Washy, being compared to the great Mr Protz like that, have you no shame man?

Curmudgeon said...

I haven't invested in this (although I have considered it) but I think the comment made when the offer was originally made is a very fair one - it is more putting your money where your mouth is and joining a BrewDog supporters' club (with discounts) than a serious investment.

StringersBeer said...

Do you know, I didn't think the video was funny, so I mustn't have a sense of humour. Thanks for clearing that up Dave. Or maybe it's something to do with the day I've had. But it was obvious that the brewdog boys were enjoying themselves and that's what counts after all.

On the other hand, the idea of the new bd plant, to be built on greenbelt following local politicians' decision to ignore their officers recommendations and their own rules - that did make me laugh.

Tim said...

Its only a bad investment in the short term but the idea would be that in the long term, the shares will be worth more and there will be profit if he sells them.

It depends. Is theer an anti-dilution clause in the agreement? If another big investor steps up and buys a percetage in the company and new shares are created then that one share will dilute out further.

Reuben Gray - TaleOfAle said...

Yeah Dave if I am lucky I will make it back over next year some time.
I have to see how your beer is coming along. I will bring some of my own next time.

Anonymous said...

Let's hope that odd woman isn't there this time!


Leigh said...

well, if the portman group get their way you'll be struggling to stock any Tokyo at all unless the labelling is changed...

Sat In A Pub said...


They've picked your pocket and no mistake.

Sid Boggle said...

I asked James Watt at his recent LoveBeer@Borough 'meet the brewer' thing, if he felt that they'd have to consider their stake/shareholders when thinking up future stunts, and he (jokingly?) said that BrewDog had six weeks left before turning over a new leaf in 2010.

Looking at the numbers in the prospectus, Griffin got 12.5% of the company for £600K, valuing the business at £4.8m.

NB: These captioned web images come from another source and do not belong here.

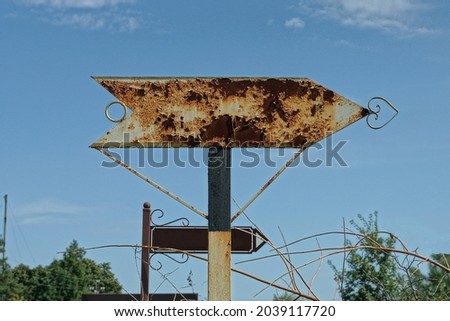 one old gray metal arrow signpost in brown rust on the street against the blue sky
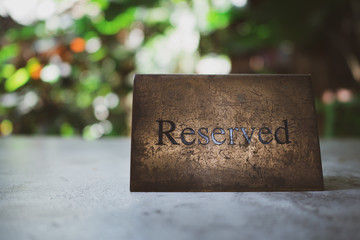 rough metal reserved sign on dining table in restaurant, beautiful bokeh as background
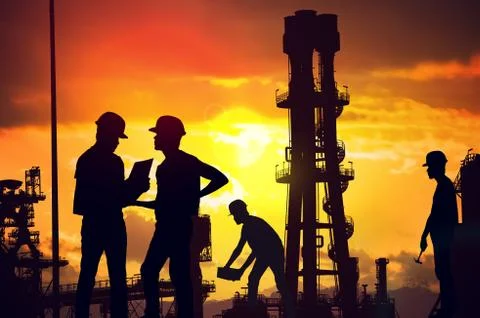 Silhouettes of workers working on construction site at suset. Stock Photos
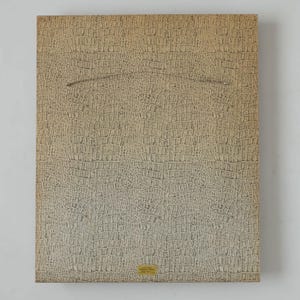 May include: A beige textured background with a crocodile skin pattern. A small white label with black text is in the bottom right corner.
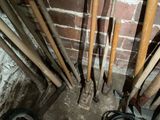 a lot of shovels that are leaning against a brick wall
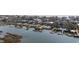 Aerial view of waterfront homes along canal featuring private docks and pools in coastal community at 414 S Dogwood Dr., Garden City Beach, SC 29576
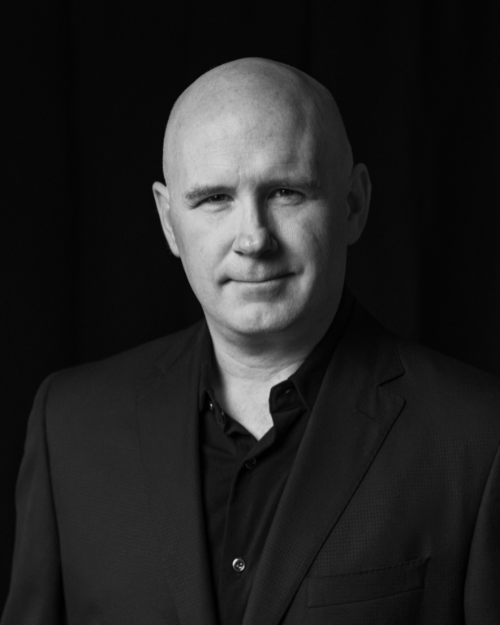 Black and white portrait of a bald man wearing a dark suit jacket and shirt, looking at the camera with a slight smile.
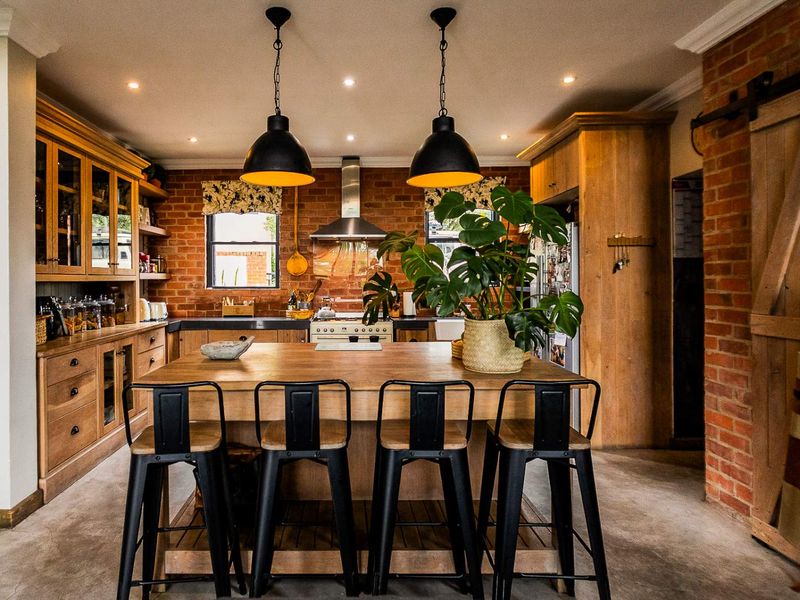 A rustic-style kitchen featuring exposed brick walls, custom wooden cabinetry, a central island, and modern industrial pendant lighting.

The equityfor punks thing raises £2.1m to £2.3m which is supposed to equate to 9% of the business. I believe the efp shares are non-diluting and non-tradable until 2012, but I was losing the will to leave by that part of the offer document ;-)

Curmudgeon said...

It sounds as though BrewDog may well be forced to skulk home with their tail between their legs:

BrewDog, the controversial Scottish brewer, could be forced to cancel plans to raise £2.3m via an issue of 10,000 shares unless it can find more investors in the next two weeks.

The group is seeking to raise the money through what it calls its 'Equity for Punks' share offer to fund expansion projects, including a new brewery facility.

But to comply with the terms and conditions of the share offer BrewDog needs to raise £500,000 by January 8, 2010, and has admitted it needs to find more people willing to buy shares, priced at £230 each by that date.